### *DOWNLOAD PDF AND READ NOTES* *AN INTRODUCTION TO ACCOUNTING THEORY*

WHAT THEORY?

IS Accounting theory is about
theory. How does theory differ from a law and from a hypothesis? A theory is an
explanation, but not just any explanation. A theory asserts that wherever a set
of circumstances occur, a similar result will be seen. For example, suppose
someone has a theory of speeding. It goes like this. Whenever a car is driven
over the speed limit, the probability of an accident greatly exceeds the
probability of an accident for cars driven below the limit. In plainer
language, the theory says speeding drivers are more likely than regular drivers
to have accidents. This is a proper theory, because it applies to any car
anywhere there is a speed limit. Also, a proper theory can be tested for its
accuracy against the known facts. The facts here would be the number of
accidents recorded in a particular jurisdiction, the number of cars driving
over the limit and also the number under the limit associated with recorded
accidents. As a matter of fact, accidents will generally show an association
with speeding or they will not. If they do, the theory is supported by the
facts. If they do not, the theory is not supported; but it is still a theory –
just not a correct one. A theory makes general statements, either of cause and
effect or of association between two things, and a theory is testable against
facts. A theory need not be right every single time, but it does need to be
right often enough to be rely on most of the time. It differs from a law which
needs be right all of the time; else it is not a law but still a theory. A law
is always right. A theory is usually right.

HYPOTHESES Inside theories there are
postulates. As atoms are to molecules, so postulates are to theories.
Postulates we can test in real life are called hypotheses. Formulating a hypothesis
is called hypothesizing. For example, I could hypothesize that if I sneeze, I
will blow my nose. This is not a good hypothesis, because, since it only refers
to me, it can tell us nothing about the world in general. A better hypothesis
would be: whenever people sneeze, they blow their noses. Hypotheses should
apply to a whole class of people, not just to one person. In social science,
hypotheses are tested in their negative form. In the nose blowing case, the
hypothesis would be: whenever people sneeze, they do not blow their noses. This
form of the hypothesis is called the null hypothesis.

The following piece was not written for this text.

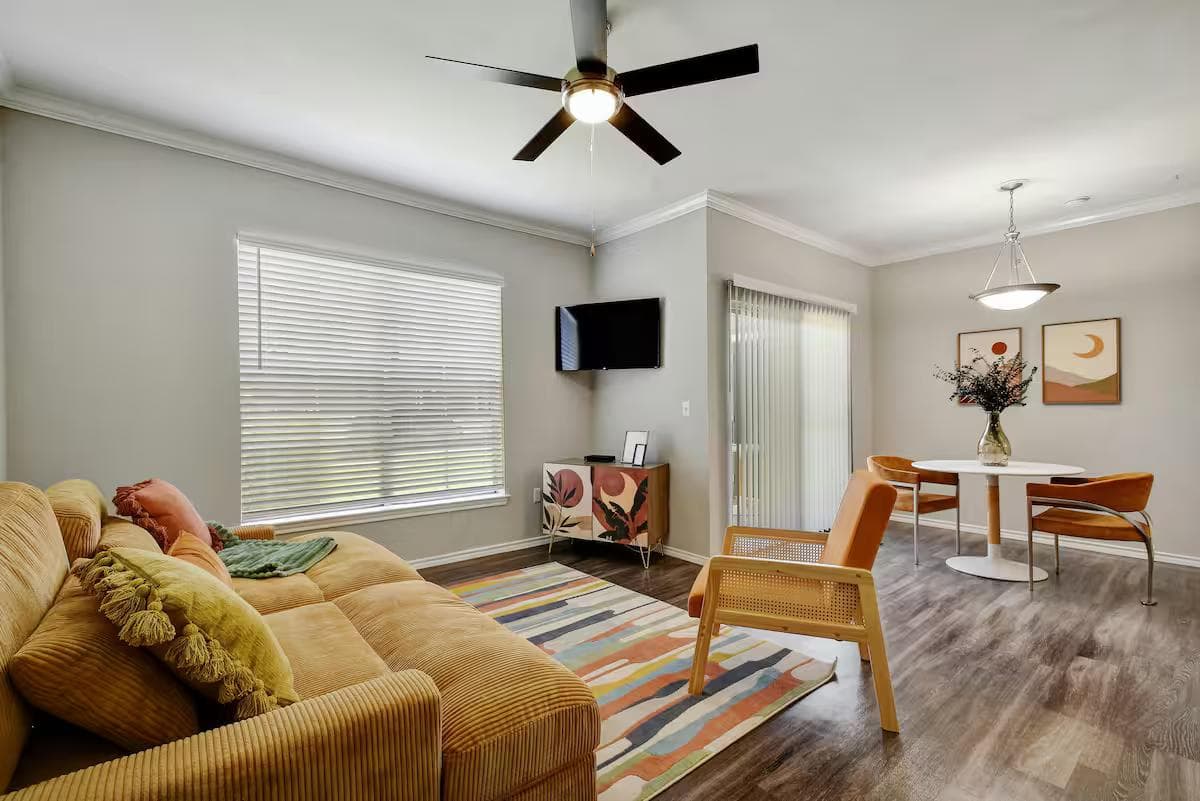 Cozy 1BR/1BTH Charming Urban Retreat W/Pool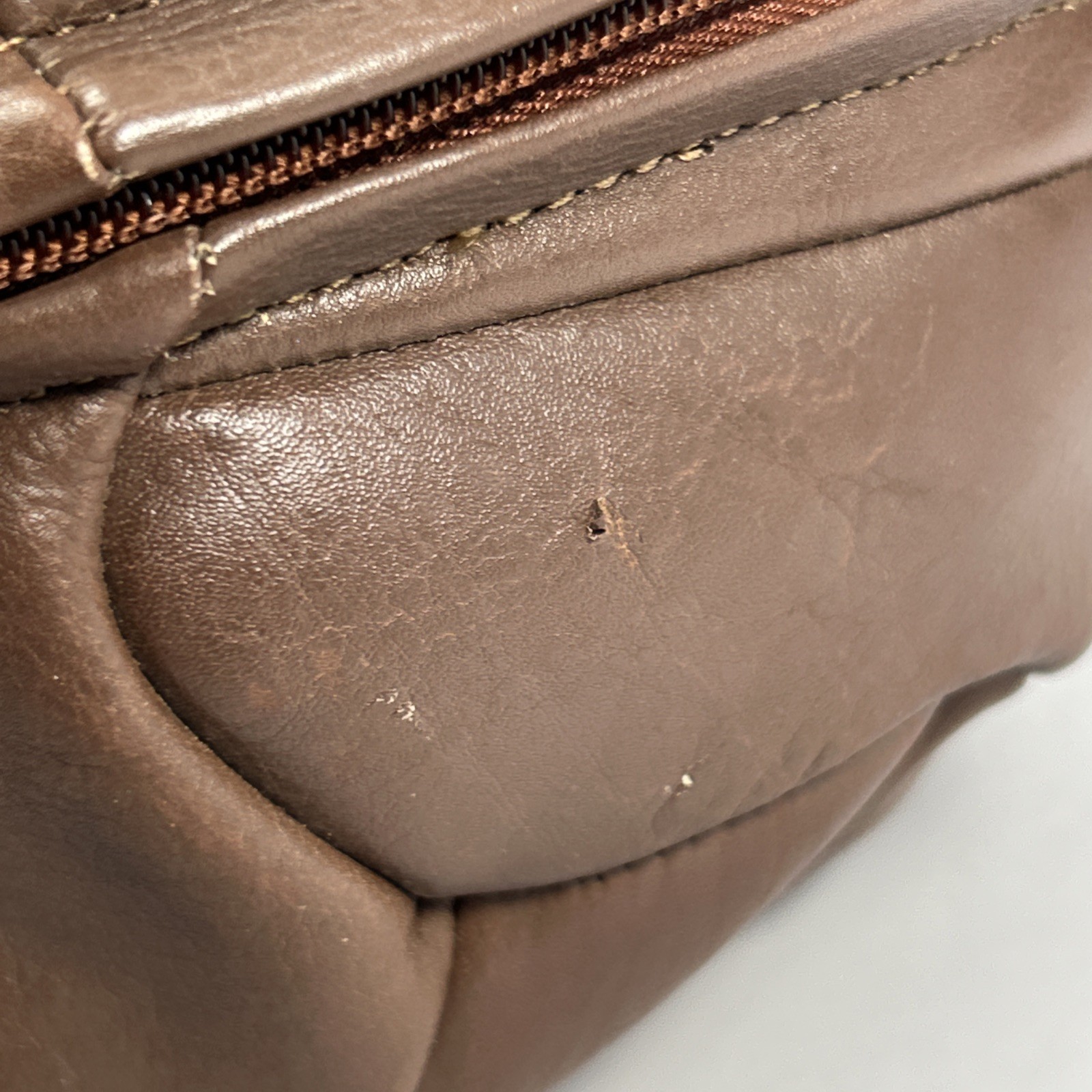 Portland Leather ‘Dublin’ Washbag in Vintage Football/Soccer Ball Style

New theory is created when the
null hypothesis is wrong and instead the facts support the positive form of the
hypothesis. That support has to come from repeated observations of many
different samples, so we can be sure we are looking at most of the ways that
the circumstances occur in real life. If the results of all those observations
show a pattern happening far more often than chance would predict, then the null
hypothesis is not supported and the alternative, the positive hypothesis, is
supported, which means our hypothesis is likely to be correct. That in turn
builds a little bit of good new theory.

THEORIES, LAWS AND THEOREMS A theory is not a
law – it is sometimes wrong. It is also not a theorem. Only mathematics has
theorems, because only in the abstract world of algebra, geometry and numbers
can we transcend the assumptions and approximations of the real world. In
geometry we have Pythagoras’ Theorem that you probably had to learn in school
it says the length of the hypotenuse of any right angled triangle is the square
root of the sum of the squares of the lengths of the two other sides.

A theory would add, other things being equal.
A theorem is a special kind of law. It is always true and has no exceptions. In
addition it has “all particulars included” which means there is nothing left
out of the theorem and its specifications are exact not approximate. Nothing
left out means everything else is irrelevant such as the size and colour of the
page, the thickness of the lines drawing the triangle or the size of the other
two angles beside the corner right angle. Theories on the other hand are rarely
fully specified in this way – they tend to be simplifications of real patterns
focusing on the most important patterns but not extending to all the patterns. So
with a theory of cause and effect, such as A causes B, it may be true but it is
not exhaustive. M N and O might also have some effect on B. A might also cause
X Y and Z. A theorem on the other hand is exhaustive.